# Python data structures     
## Author: Erika Duan

![](../02_figures/01_lists-header.jpg)

# Lists  

A list is a sequential container for data values (whether logical, integers, floats, strings or other lists) and has some similarities to vectors in R. 

Properties of lists include:  

+ A single list can store different primitive types and even other lists.    
+ Lists have an integer and 0-based index, which allows for list slicing (i.e. subsetting).  
+ Lists can be appended using the methods `append()` or `insert()`.  
+ Values inside a list can be removed using the methods `remove()` or `pop()` or using the keyword `del`.  
+ The function `len()` can calculate the number of items in a list.  
+ Two lists can be concatenated with the operator `+`.  

In [1]:
#-----example 1-----  
list_a = [1, 2.4, "hello world", [0, 1, 2, 3]]
print(list_a)  

type(list_a) 

# Python allows lists containing different primitive types  

[1, 2.4, 'hello world', [0, 1, 2, 3]]


list

In [2]:
#-----example 2-----
list_b = [1, 2, 3, 4, 5, 6, 7, 8, 9, 10]  

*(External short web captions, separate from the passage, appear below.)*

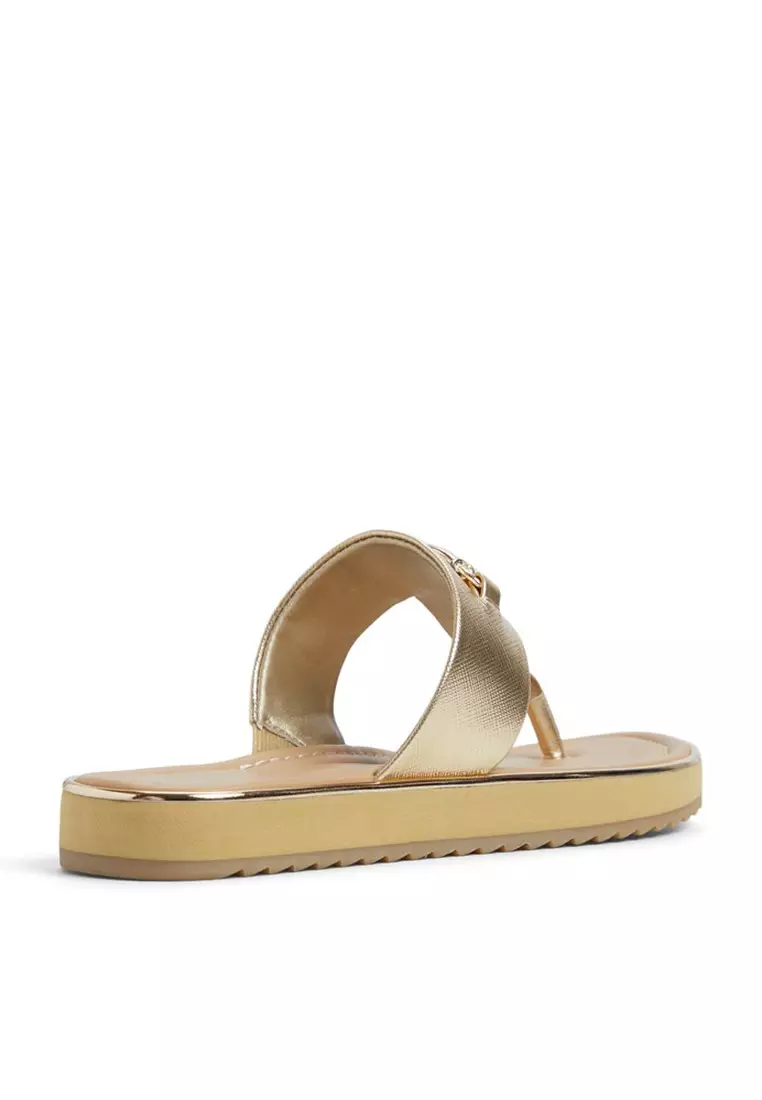 Lobredanten T-Strap Sandals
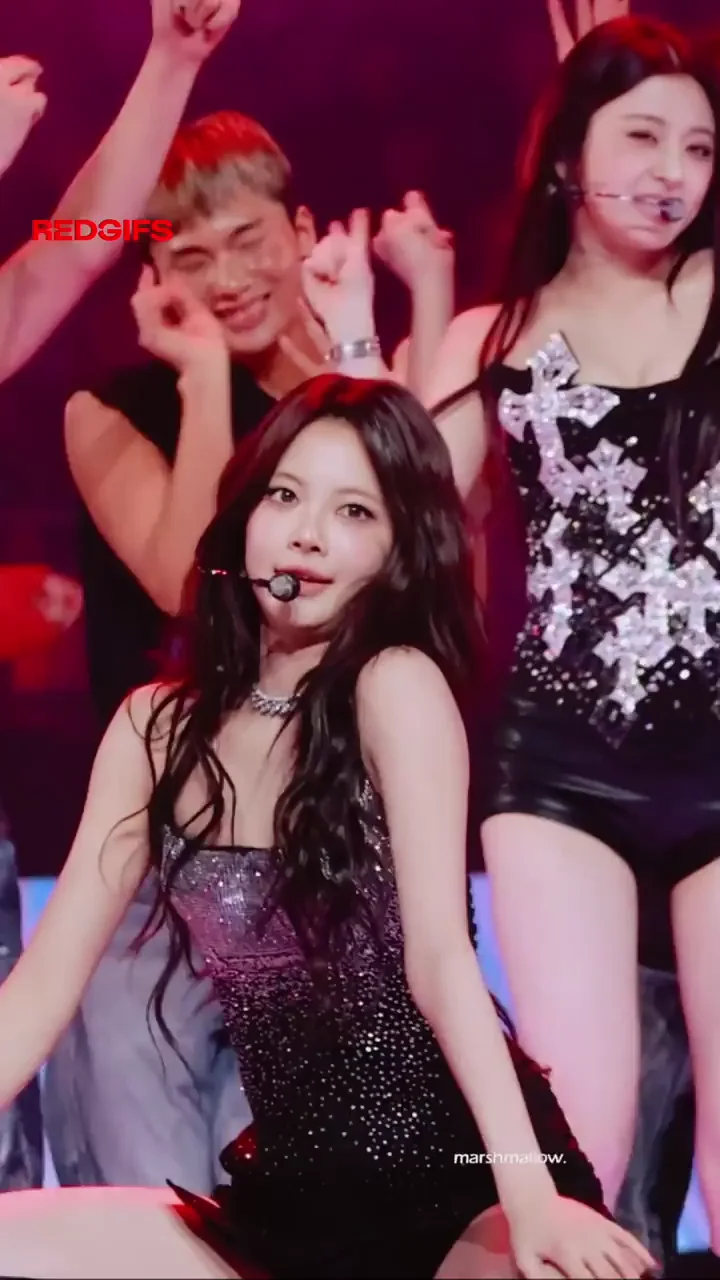 LE SSERAFIM - Eunchae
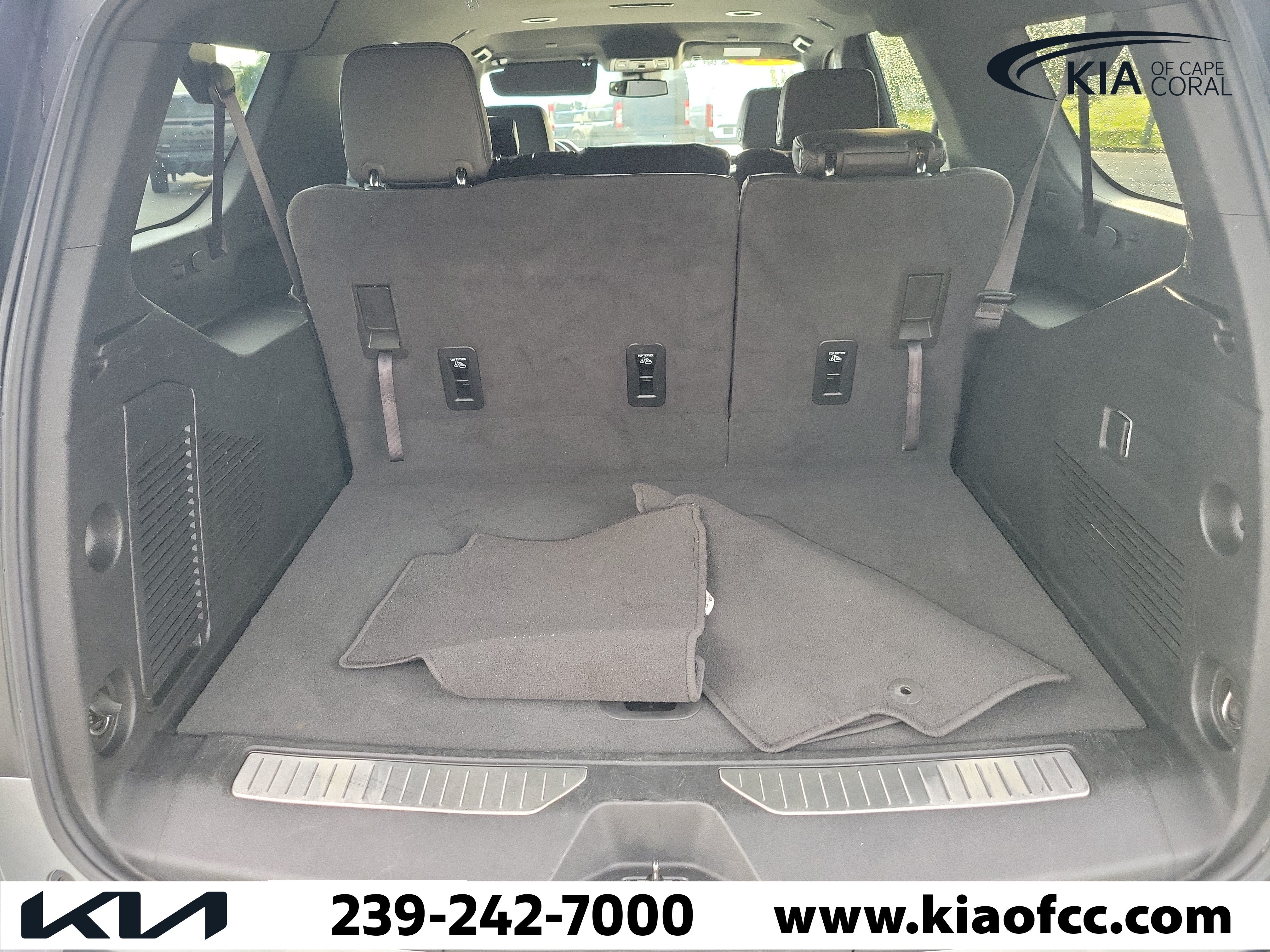 Used 2024 Chevrolet Suburban RST RWD image 11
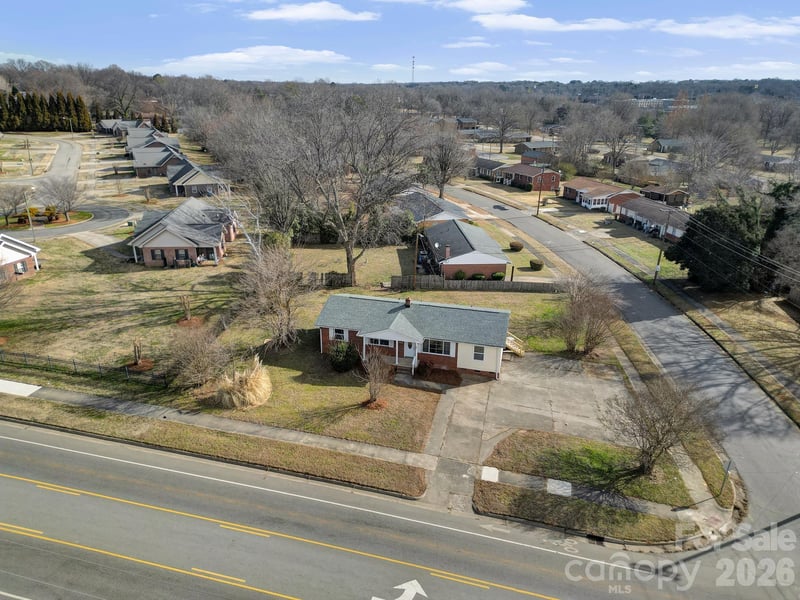 328 Old Concord Rd, Salisbury, NC 28144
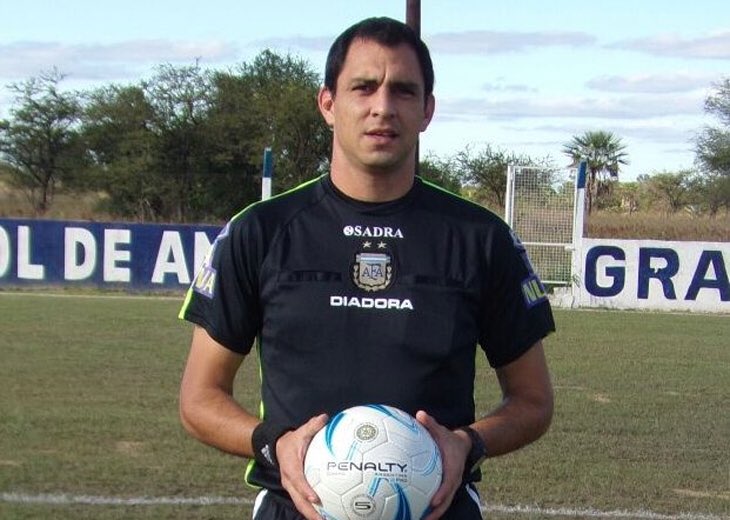 🔴⚪ #PrimeraNacional Desde AFA dieron a conocer los encargados de arbitrar el partido del próximo domingo ante Alvarado. ​​​ Árbitro: Carlos Córdoba Asistente 1: Gonzalo Ferrari Asistente 2: Sebastián Osudar Cuarto árbitro: Maximiliano Manduca ⚽ #VamosCiudadela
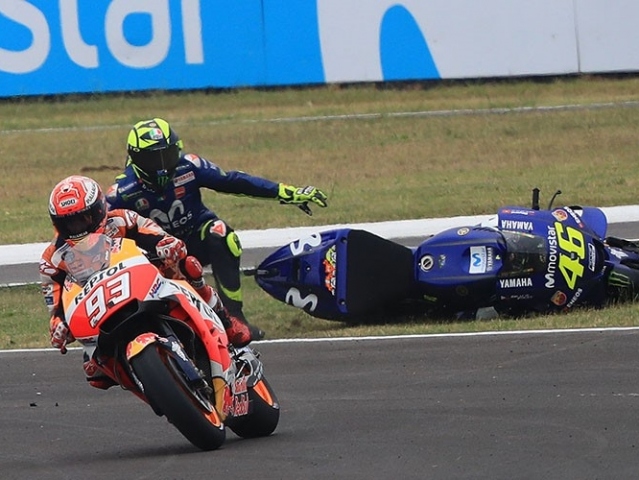 Hlavní obrázek k článku: Valentino Rossi: Je lepší se dívat dopředu, je důležité vrátit se do sedla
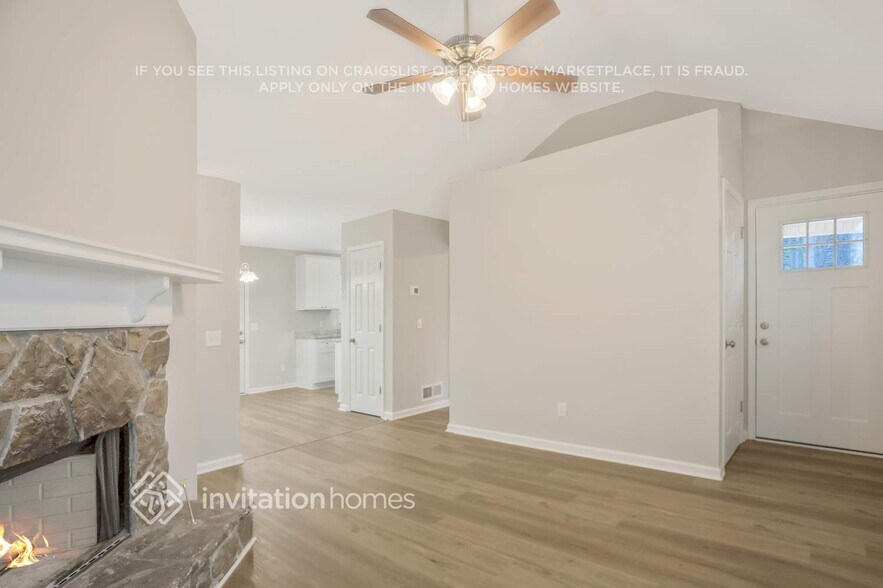 Building Photo - 3335 Catalina Dr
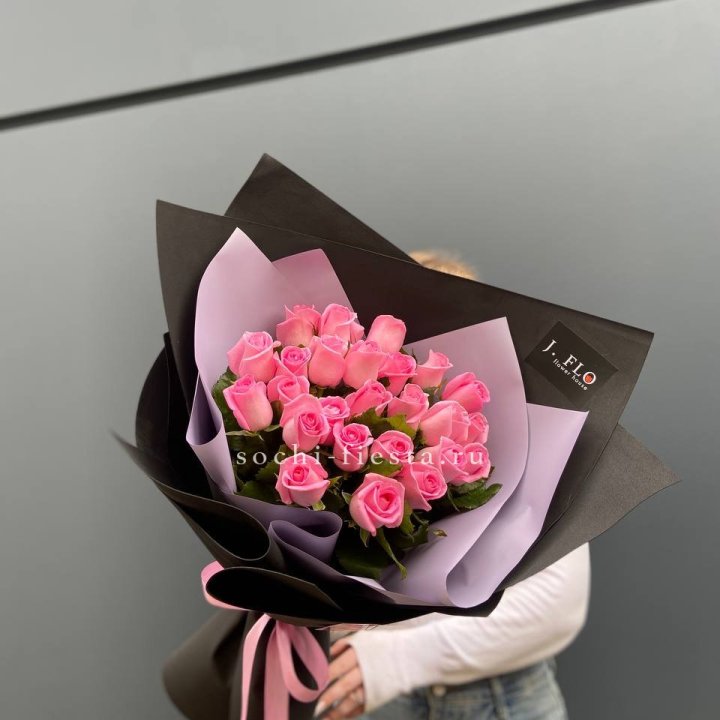 19 розовых роз  в Владимире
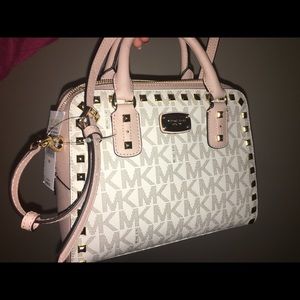 michael kors purse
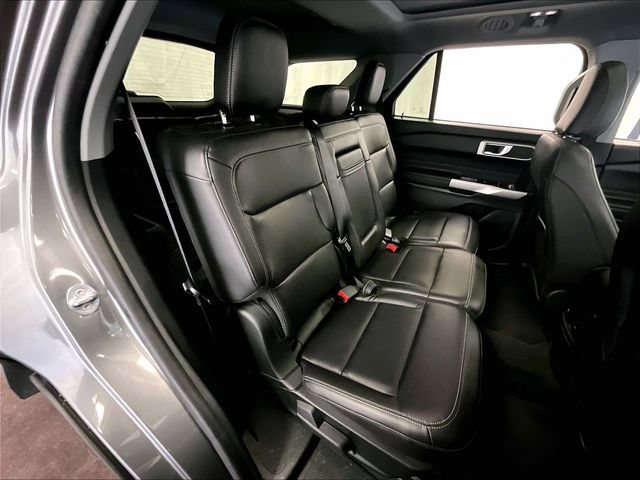 Certified 2023 Ford Explorer XLT w/ Equipment Group 202A AWD/4WD image 26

print(list_b[0]) # the integer 1 occupies position 0   
print(list_b[1]) # the integer 2 occupies position 0 + 1  
print(list_b[-2]) # the integer 9 occupies the second to last position i.e. position -2  
print(list_b[0:3+1]) # extract values from position 0 to position 3
print(list_b[0::2]) # start from position 0 and extract values from every subsequent second position 
print(list_b[::2]) # the same as list_b[0::2]  
print(list_b[:]) # the same as list_b.copy()

1
2
9
[1, 2, 3, 4]
[1, 3, 5, 7, 9]
[1, 3, 5, 7, 9]
[1, 2, 3, 4, 5, 6, 7, 8, 9, 10]


In [3]:
#-----example 3----- 
list_c = ["apple", "bear", "donut", "elephant", "guava"] 

list_c.append("horse") # always appends onto the last position in a item
list_c.insert(2, "cat") # appends "cat" to position 2 of the new list 
print(list_c)

list_c.insert(5, "french toast") # appends "cat" to position 5 of the new list
print(list_c)

['apple', 'bear', 'cat', 'donut', 'elephant', 'guava', 'horse']
['apple', 'bear', 'cat', 'donut', 'elephant', 'french toast', 'guava', 'horse']


In [4]:
#-----example 4----- 
list_d = list_c.copy() 
print("Original list: {}".format(list_d)) 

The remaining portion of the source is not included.